--- Supplied material ---

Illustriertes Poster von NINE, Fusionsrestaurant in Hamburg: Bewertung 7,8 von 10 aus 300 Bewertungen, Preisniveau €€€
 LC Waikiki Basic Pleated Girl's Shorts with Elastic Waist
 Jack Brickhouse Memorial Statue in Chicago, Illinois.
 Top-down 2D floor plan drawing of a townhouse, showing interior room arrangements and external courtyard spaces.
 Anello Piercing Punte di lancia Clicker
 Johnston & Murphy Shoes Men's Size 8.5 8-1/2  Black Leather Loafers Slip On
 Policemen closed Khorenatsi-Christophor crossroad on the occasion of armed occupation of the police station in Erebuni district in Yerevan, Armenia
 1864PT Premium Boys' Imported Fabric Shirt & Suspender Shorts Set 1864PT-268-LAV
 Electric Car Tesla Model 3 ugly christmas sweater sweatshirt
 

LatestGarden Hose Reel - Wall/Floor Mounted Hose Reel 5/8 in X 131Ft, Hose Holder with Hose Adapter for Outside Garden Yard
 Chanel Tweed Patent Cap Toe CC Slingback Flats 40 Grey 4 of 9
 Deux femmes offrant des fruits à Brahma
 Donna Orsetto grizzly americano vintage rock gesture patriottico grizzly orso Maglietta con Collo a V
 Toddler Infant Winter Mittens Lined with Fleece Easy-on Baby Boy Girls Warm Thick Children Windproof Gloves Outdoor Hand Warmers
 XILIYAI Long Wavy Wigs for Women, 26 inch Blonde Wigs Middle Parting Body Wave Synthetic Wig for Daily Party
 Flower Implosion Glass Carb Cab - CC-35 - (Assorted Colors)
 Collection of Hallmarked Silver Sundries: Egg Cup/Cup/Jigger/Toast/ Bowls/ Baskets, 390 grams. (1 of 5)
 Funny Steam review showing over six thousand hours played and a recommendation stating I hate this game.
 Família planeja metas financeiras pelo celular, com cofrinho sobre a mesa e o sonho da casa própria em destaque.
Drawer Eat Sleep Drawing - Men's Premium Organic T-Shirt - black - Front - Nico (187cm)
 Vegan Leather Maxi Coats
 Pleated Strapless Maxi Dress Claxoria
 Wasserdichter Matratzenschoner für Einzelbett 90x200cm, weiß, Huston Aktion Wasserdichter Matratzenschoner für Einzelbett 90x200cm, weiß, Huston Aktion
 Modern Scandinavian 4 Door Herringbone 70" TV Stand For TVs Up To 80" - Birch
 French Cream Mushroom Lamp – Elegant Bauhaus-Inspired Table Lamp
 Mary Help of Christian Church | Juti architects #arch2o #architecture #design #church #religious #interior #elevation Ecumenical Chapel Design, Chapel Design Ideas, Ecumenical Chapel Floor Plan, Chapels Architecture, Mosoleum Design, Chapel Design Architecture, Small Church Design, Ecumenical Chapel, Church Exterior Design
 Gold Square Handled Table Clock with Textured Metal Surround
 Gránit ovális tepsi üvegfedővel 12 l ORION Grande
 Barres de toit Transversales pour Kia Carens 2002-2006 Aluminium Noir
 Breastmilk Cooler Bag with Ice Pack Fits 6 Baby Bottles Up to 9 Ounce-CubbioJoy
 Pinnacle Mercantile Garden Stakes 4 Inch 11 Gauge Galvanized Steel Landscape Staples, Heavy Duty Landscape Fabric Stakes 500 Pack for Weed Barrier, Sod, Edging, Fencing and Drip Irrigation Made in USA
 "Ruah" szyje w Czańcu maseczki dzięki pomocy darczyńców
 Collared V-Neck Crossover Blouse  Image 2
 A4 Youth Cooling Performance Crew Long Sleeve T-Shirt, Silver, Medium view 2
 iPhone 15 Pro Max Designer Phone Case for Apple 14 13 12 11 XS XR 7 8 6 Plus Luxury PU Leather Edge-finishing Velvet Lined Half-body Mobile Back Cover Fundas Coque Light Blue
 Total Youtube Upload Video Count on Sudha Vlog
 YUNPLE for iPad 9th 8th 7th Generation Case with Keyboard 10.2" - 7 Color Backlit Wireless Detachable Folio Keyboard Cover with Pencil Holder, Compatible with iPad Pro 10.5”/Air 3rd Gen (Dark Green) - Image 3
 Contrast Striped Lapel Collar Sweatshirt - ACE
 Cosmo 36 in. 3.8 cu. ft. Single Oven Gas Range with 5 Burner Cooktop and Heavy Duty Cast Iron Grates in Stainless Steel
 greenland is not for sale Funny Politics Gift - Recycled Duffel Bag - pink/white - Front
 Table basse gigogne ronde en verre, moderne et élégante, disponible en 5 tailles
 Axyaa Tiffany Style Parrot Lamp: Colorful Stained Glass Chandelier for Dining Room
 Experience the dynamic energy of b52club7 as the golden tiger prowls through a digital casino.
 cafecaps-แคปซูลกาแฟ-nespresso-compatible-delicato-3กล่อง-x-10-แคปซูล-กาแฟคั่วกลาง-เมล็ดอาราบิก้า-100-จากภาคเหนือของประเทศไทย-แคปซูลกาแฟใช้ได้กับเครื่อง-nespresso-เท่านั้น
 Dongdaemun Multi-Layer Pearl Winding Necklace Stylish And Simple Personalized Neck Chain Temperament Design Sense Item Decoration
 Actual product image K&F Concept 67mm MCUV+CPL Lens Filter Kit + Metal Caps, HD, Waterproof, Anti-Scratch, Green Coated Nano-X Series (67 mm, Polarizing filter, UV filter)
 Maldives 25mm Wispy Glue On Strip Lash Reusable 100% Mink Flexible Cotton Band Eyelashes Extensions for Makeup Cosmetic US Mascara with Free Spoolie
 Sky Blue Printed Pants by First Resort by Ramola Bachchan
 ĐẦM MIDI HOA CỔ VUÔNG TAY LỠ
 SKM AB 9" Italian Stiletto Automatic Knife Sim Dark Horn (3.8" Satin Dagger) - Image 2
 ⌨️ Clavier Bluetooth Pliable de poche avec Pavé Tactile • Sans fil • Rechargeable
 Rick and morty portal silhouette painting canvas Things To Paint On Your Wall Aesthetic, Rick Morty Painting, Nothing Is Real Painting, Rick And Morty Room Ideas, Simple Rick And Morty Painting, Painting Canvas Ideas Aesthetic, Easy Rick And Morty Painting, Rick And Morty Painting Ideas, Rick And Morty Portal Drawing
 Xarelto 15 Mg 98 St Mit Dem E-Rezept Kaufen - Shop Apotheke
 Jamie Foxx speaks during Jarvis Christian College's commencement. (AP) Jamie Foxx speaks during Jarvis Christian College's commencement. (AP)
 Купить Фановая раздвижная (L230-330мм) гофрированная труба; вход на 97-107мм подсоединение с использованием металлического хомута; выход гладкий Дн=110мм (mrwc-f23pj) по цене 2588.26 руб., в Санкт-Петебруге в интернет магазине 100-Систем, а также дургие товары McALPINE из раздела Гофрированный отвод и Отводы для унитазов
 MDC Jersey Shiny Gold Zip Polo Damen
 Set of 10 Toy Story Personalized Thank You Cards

---

Work required →
Print only the lines that run from the start of the listing to the line bearing "Vegan Leather Maxi Coats"; please keep the first line and that last one, exactly as they appear.

Response to this exercise →
Illustriertes Poster von NINE, Fusionsrestaurant in Hamburg: Bewertung 7,8 von 10 aus 300 Bewertungen, Preisniveau €€€
 LC Waikiki Basic Pleated Girl's Shorts with Elastic Waist
 Jack Brickhouse Memorial Statue in Chicago, Illinois.
 Top-down 2D floor plan drawing of a townhouse, showing interior room arrangements and external courtyard spaces.
 Anello Piercing Punte di lancia Clicker
 Johnston & Murphy Shoes Men's Size 8.5 8-1/2  Black Leather Loafers Slip On
 Policemen closed Khorenatsi-Christophor crossroad on the occasion of armed occupation of the police station in Erebuni district in Yerevan, Armenia
 1864PT Premium Boys' Imported Fabric Shirt & Suspender Shorts Set 1864PT-268-LAV
 Electric Car Tesla Model 3 ugly christmas sweater sweatshirt
 

LatestGarden Hose Reel - Wall/Floor Mounted Hose Reel 5/8 in X 131Ft, Hose Holder with Hose Adapter for Outside Garden Yard
 Chanel Tweed Patent Cap Toe CC Slingback Flats 40 Grey 4 of 9
 Deux femmes offrant des fruits à Brahma
 Donna Orsetto grizzly americano vintage rock gesture patriottico grizzly orso Maglietta con Collo a V
 Toddler Infant Winter Mittens Lined with Fleece Easy-on Baby Boy Girls Warm Thick Children Windproof Gloves Outdoor Hand Warmers
 XILIYAI Long Wavy Wigs for Women, 26 inch Blonde Wigs Middle Parting Body Wave Synthetic Wig for Daily Party
 Flower Implosion Glass Carb Cab - CC-35 - (Assorted Colors)
 Collection of Hallmarked Silver Sundries: Egg Cup/Cup/Jigger/Toast/ Bowls/ Baskets, 390 grams. (1 of 5)
 Funny Steam review showing over six thousand hours played and a recommendation stating I hate this game.
 Família planeja metas financeiras pelo celular, com cofrinho sobre a mesa e o sonho da casa própria em destaque.
Drawer Eat Sleep Drawing - Men's Premium Organic T-Shirt - black - Front - Nico (187cm)
 Vegan Leather Maxi Coats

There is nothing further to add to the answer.